While Dream of the Red Chamber is the most popular of the five titles, Story of the Stone ( “Shitou Ji”/石頭記) is also commonly used. It is the title David Hawkes selected for his comprehensive five-volume English translation—an undertaking so monumental that he resigned his chairship at Oxford University in order to pursue it. If you’re looking to pick up a copy of the novel in Chinese or in translation, East Wind Books should be your first stop. With locations in SF Chinatown and in Berkeley, this multilingual literary hub can outfit you with everything you need to begin reading Story of the Stone.
On Stage
Dream of the Red Chamber has been adapted into an opera several times. One of the most notable examples is the Shanghai Yue Opera Company’s production in the 1950s. This adaptation was so popular that it was mobilized as a form of cultural diplomacy by the People’s Republic of China and sent on tour to the British Colony of Hong Kong. The Yue Opera was adapted into a film in 1962, starring Xu Yulan as Lin Dai-yu. This is Xu’s performance of “Buried Flowers” brought to the screen in a pink-petaled, technicolor garden.
In Song
One of the most famous scenes in the novel involves the ailing poet (and main love interest), Lin Dai-yu, walking around the Jia Family’s garden and burying fallen flower petals with a rake.

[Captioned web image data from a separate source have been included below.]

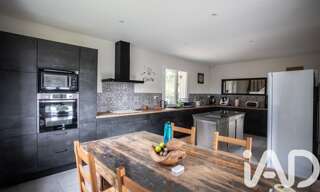 Maison 6 Pièces 204 m² à vendre à Cubjac-Auvézère-Val d'Ans (24640)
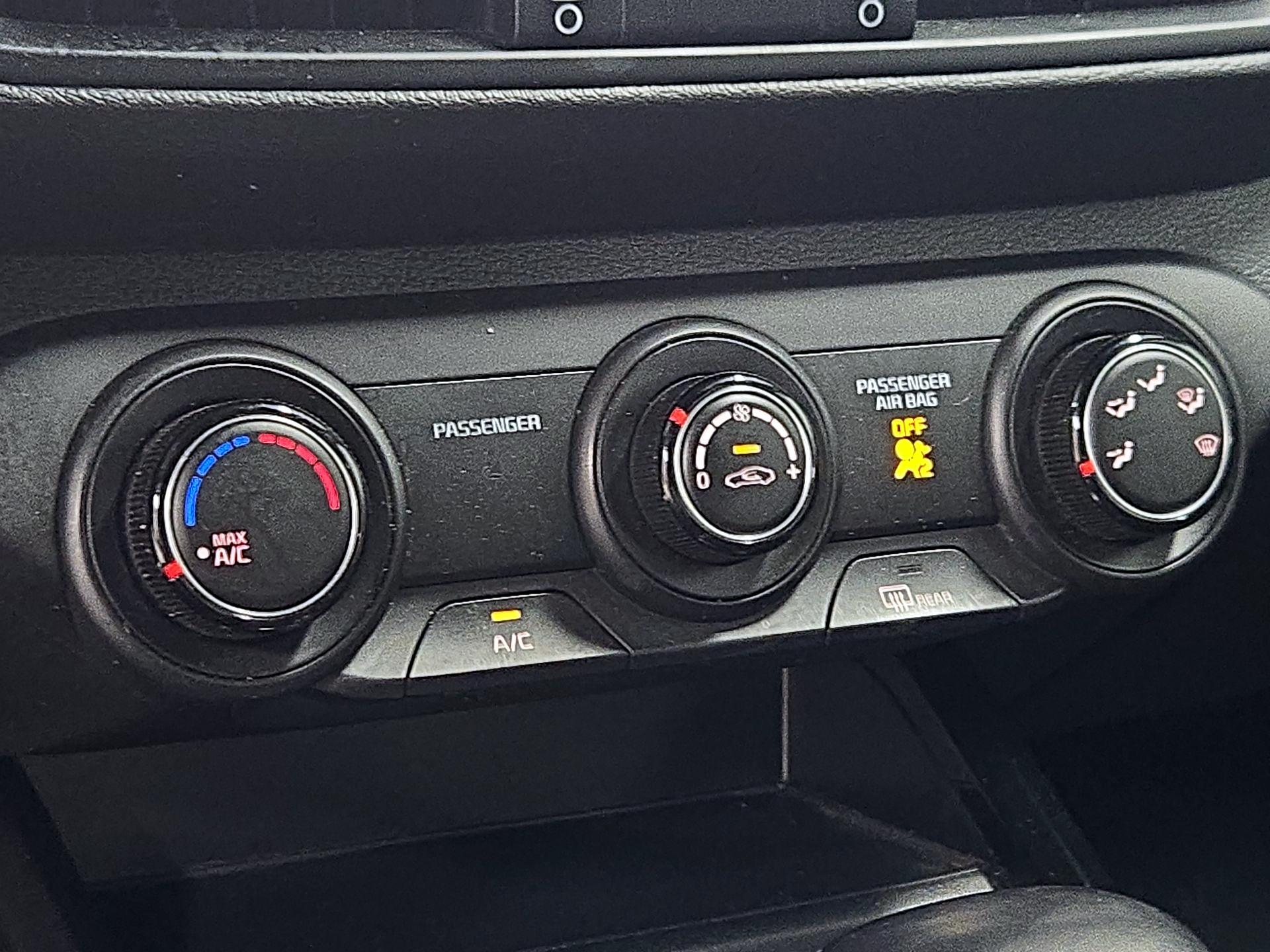 Thumbnail: 2021 Kia Forte - 16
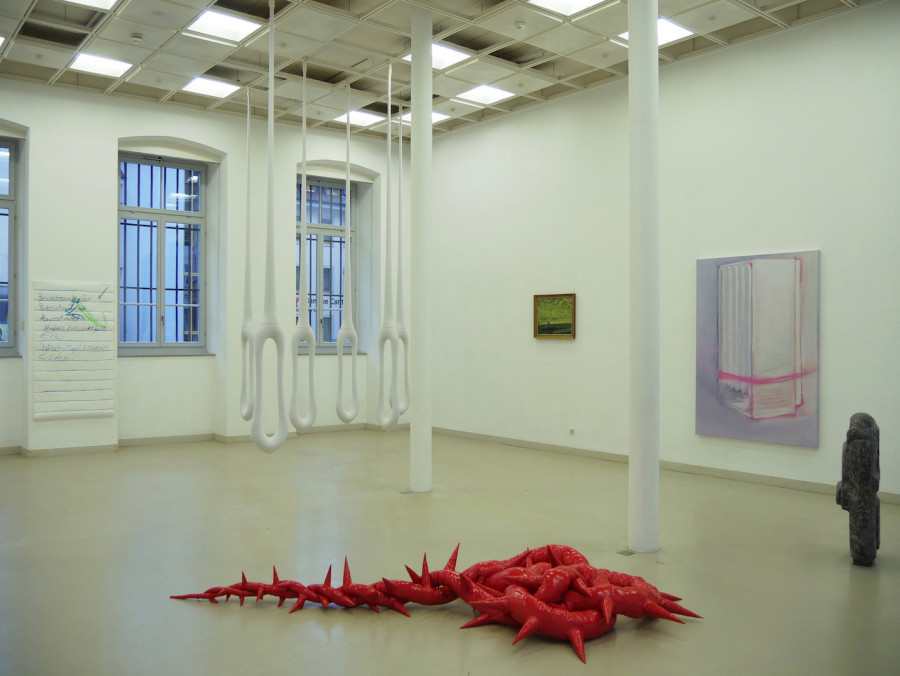 Ausstellungsansicht "Cantonale Berne Jura 2023/2024" mit Werken von Sophie Schmidt, Ruth Amstutz, Unkraut, André Deloar, Jerôme Stünzi und Isabelle Benvenuti im Vordergrund, EAC (les halles), 2023. Foto: ph.q/eac(les halles)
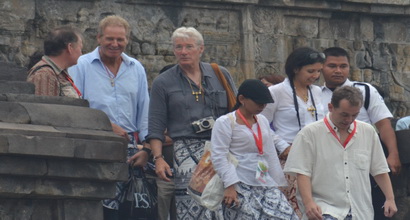 Richard Gere (Sumber: konservasiborobudur.org)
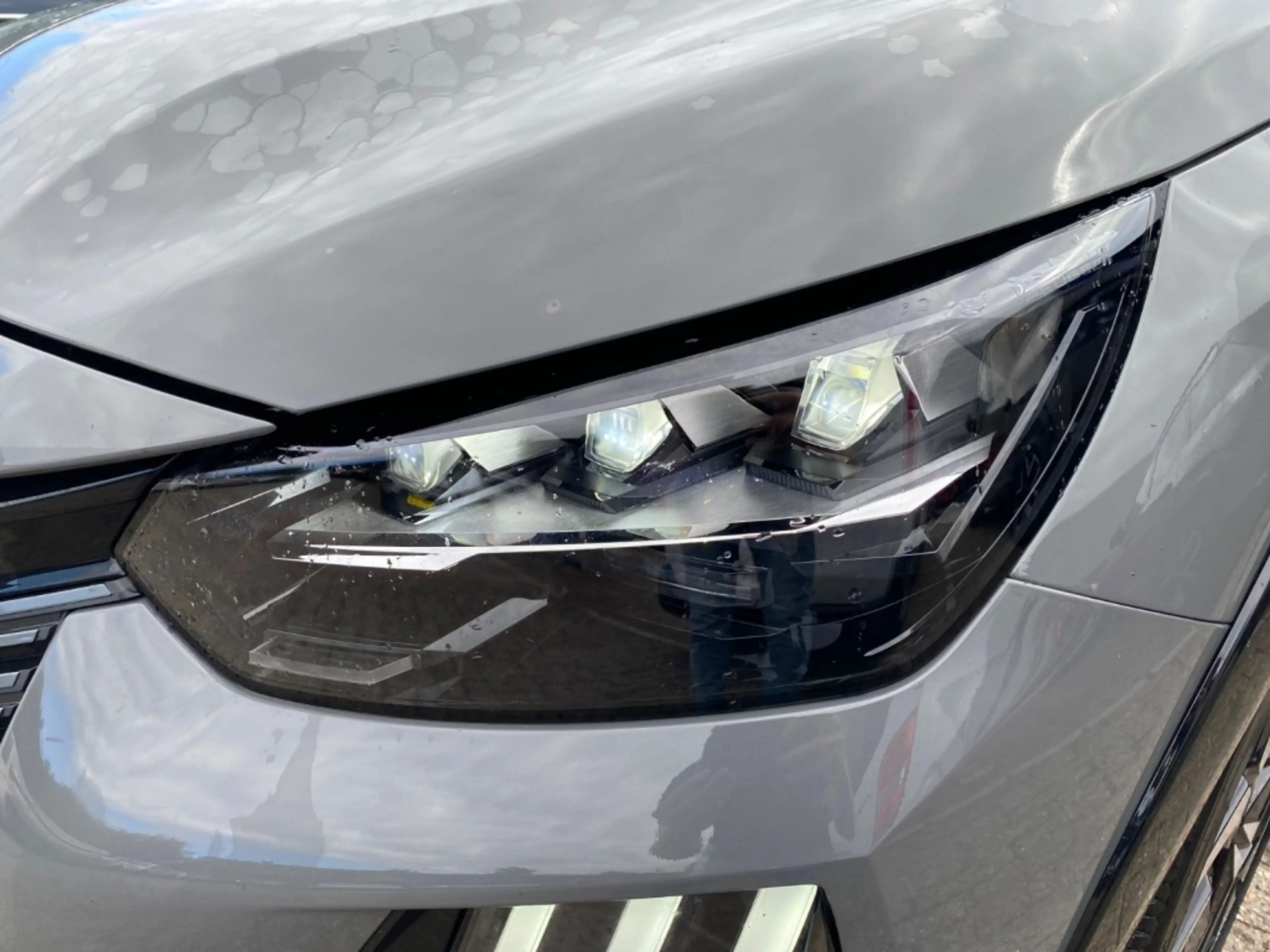 Peugeot e-208 GT 51 kWh | 96,44% SOH | Warmtepomp | Led | 360 Ca — photo 9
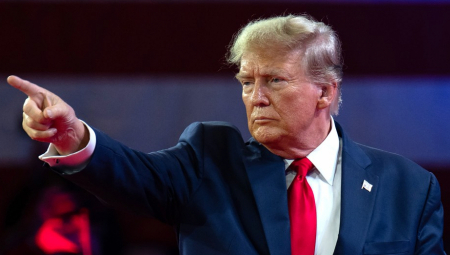 Američki predsednik Donald Tramp tvrdi da će njegove carine uskoro pokazati puni efekat, nakon što se potroše zalihe koje su kompanije gomilale uoči stupanja nove carinske politike na snagu. U objavi na svojoj društvenoj mreži Trut Sošal, Tramp navodi da značajan deo prihoda od carina tek treba da bude pridodat „stotinama milijardi dolara“ koje su već prikupljene.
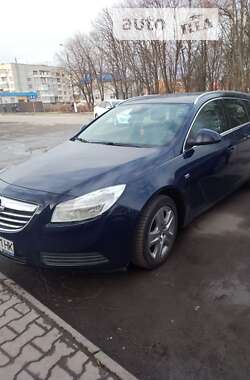 Opel Insignia  2013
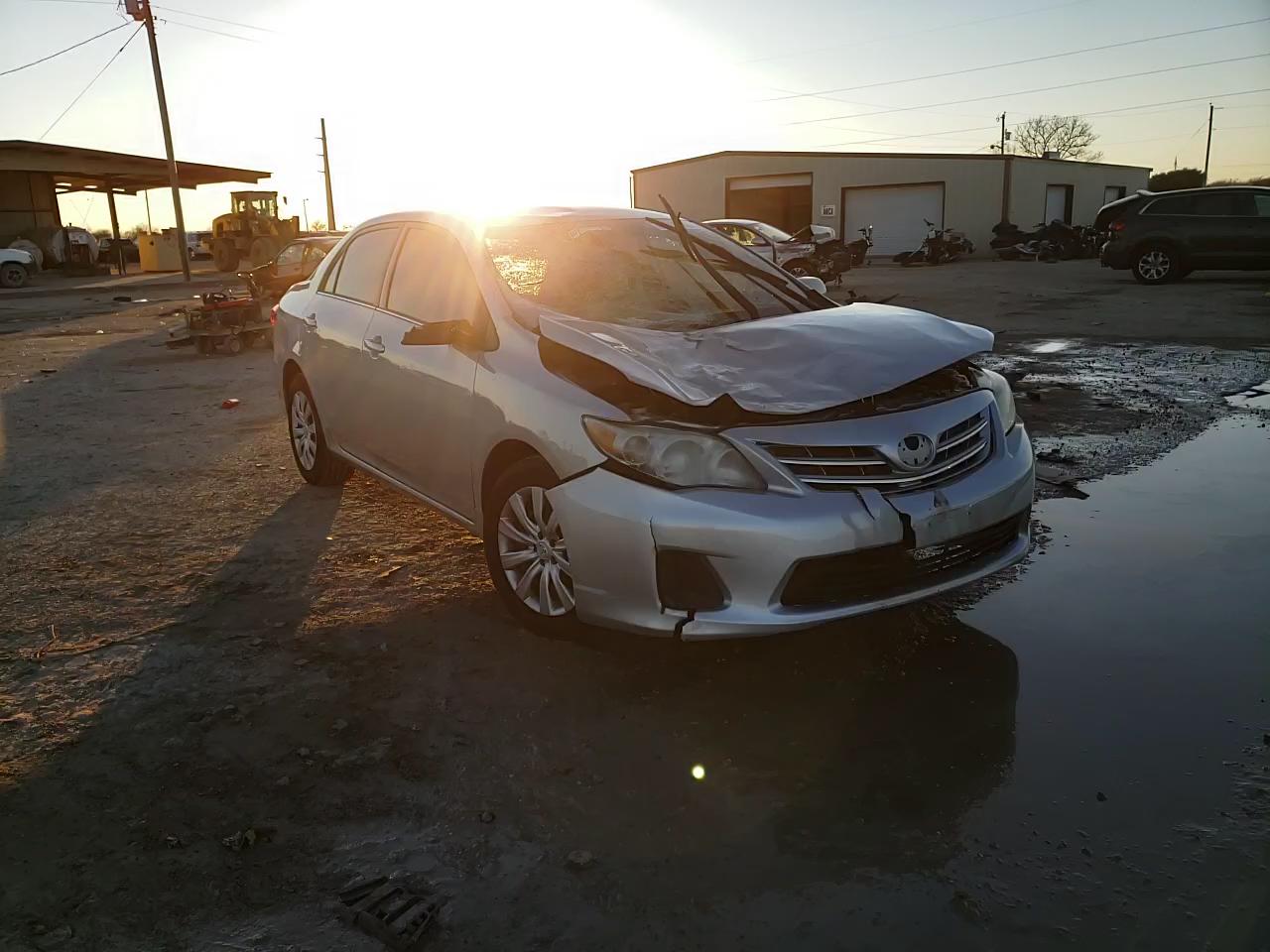 Photo 10 VIN: 5YFBU4EE9DP125731 - TOYOTA COROLLA BA 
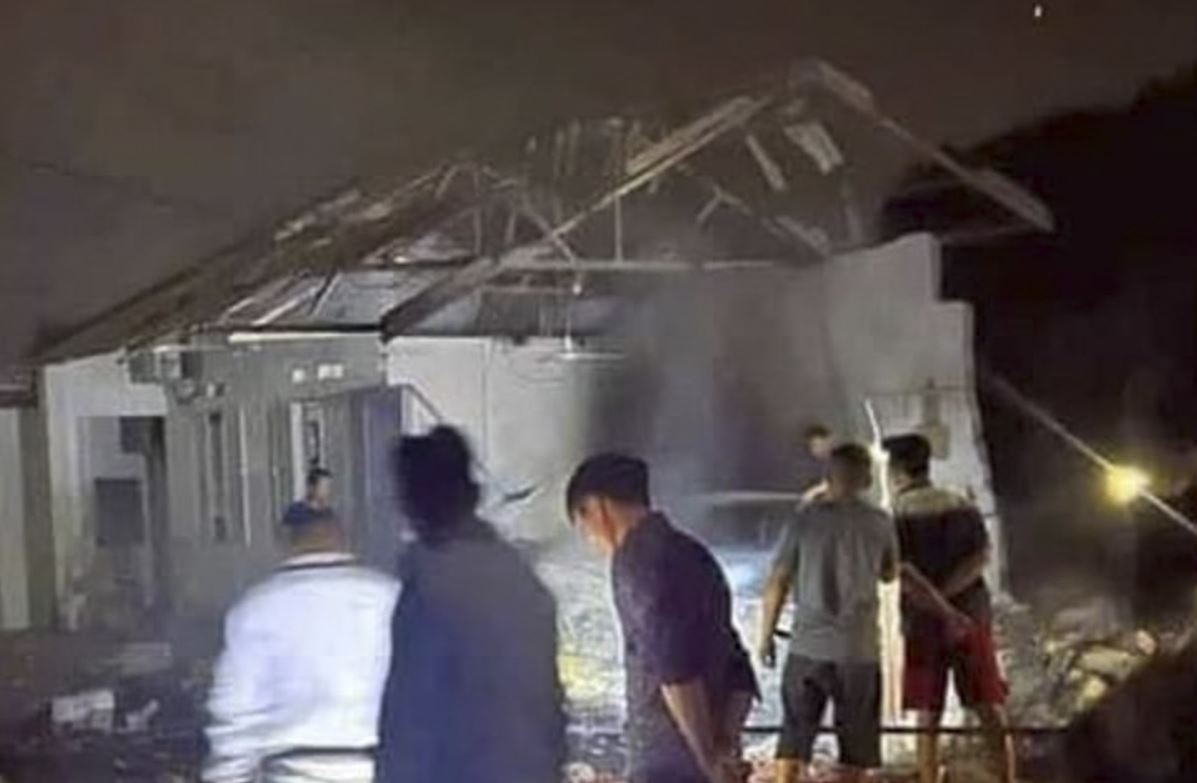 Tim thay thi the nguoi dan ong sau vu no lon o Bac Giang hinh anh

Cao Xue-qin wrote an elegiac aria into the novel, which Dai-yu sings to herself, comparing the fallen flowers to her own deteriorating health. The lyrics have been adapted, reinterpreted and set to music many times. For example, Zhou Xuan, one of the Seven Great Singing Stars of 1940s China, recorded a rendition of “Buried Flowers” (“Zang Hua”/葬花). The song is an abridged version of Cao’s original poem, but it captures the same tragic tension between the brevity of spring and the brevity of human life.
On the Small Screen
In the 1980s, Dream of the Red Chamber was adapted into a 36-episode TV series which is infinitely binge-worthy. Shot in traditional four-walled courtyards with a large ensemble cast, the drama will transport you instantly into the inner workings of a wealthy household in 18th Century Beijing. The entire series is available for free on YouTube with Chinese subtitles and faithfully reconstructs all the intrigues, flirtations, schemes and retaliations that make up the novel’s sweeping plot.
Rock Music
You may have heard of the Hong Kong rock duo known as Tat Ming Pair. Their lead singer, Anthony Wong Yiu-ming, was arrested in 2021 for performing two songs at an election rally. But the group first rose to fame in the 1980s, in part because of a hit song titled “Story of the Stone.” With lush strings, airy synths and velvety vocals, Tat Ming Pair captures the ephemeral and emotional beauty of a 2,000 page novel in the span of four minutes. The chorus cleverly plays off the words for “true” (“zhen/真”) and “false” (“jia/假”), which sound the same as the surnames of the Zhen and Jia families in the novel. It also is a subtle nod to one of the most quoted lines in the book: “Truth becomes fiction when the fiction’s true; Real becomes not-real where the unreal’s real.”